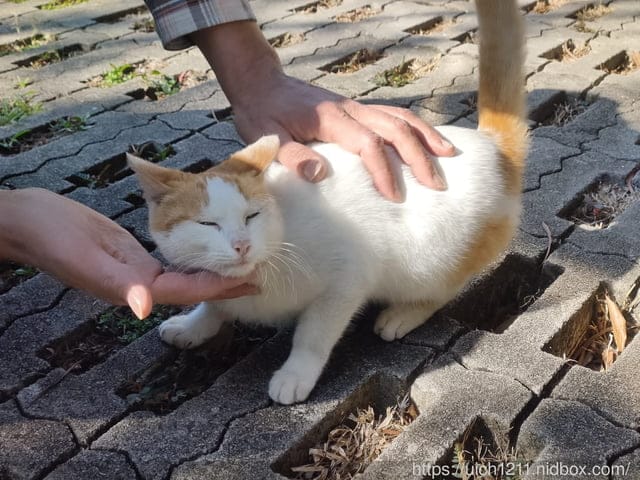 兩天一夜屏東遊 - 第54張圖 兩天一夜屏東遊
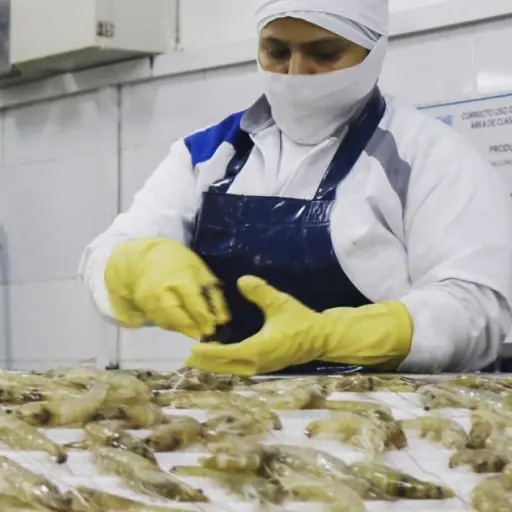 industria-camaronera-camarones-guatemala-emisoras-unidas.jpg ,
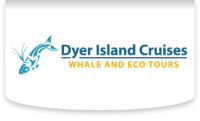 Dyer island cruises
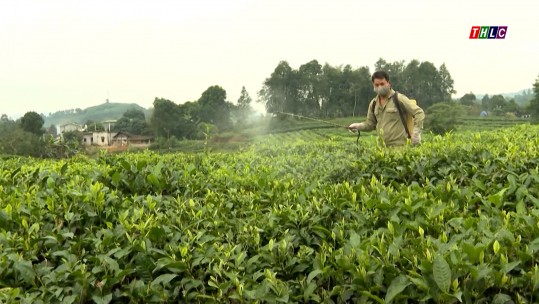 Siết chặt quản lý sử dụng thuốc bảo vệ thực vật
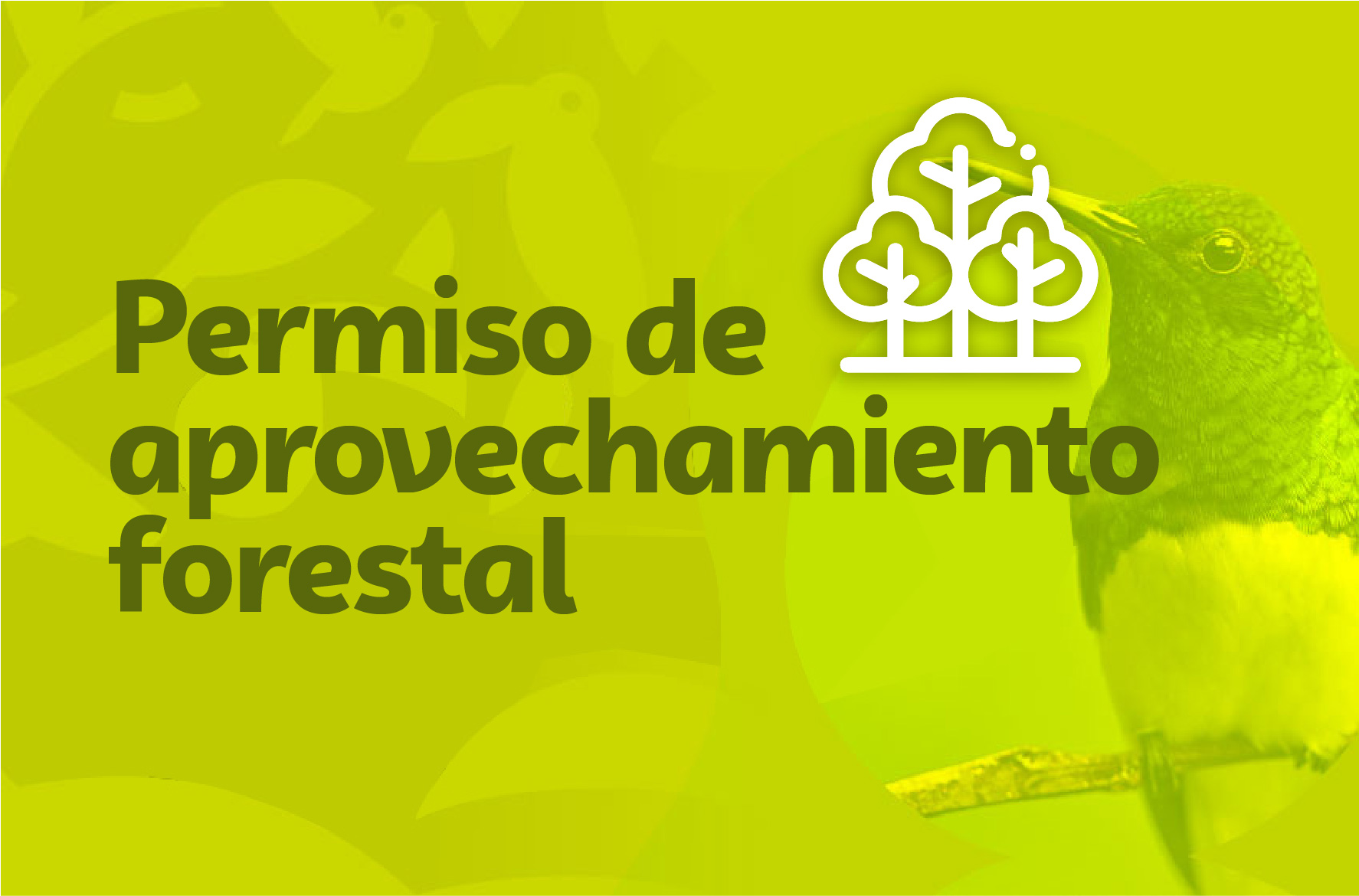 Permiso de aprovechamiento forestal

- - - -

> [Required work]:
Without the pictures, give the entries above back exactly.

> [Answer to the problem]:
 兩天一夜屏東遊 - 第54張圖 兩天一夜屏東遊
 industria-camaronera-camarones-guatemala-emisoras-unidas.jpg ,
 Dyer island cruises
 Siết chặt quản lý sử dụng thuốc bảo vệ thực vật
 Permiso de aprovechamiento forestal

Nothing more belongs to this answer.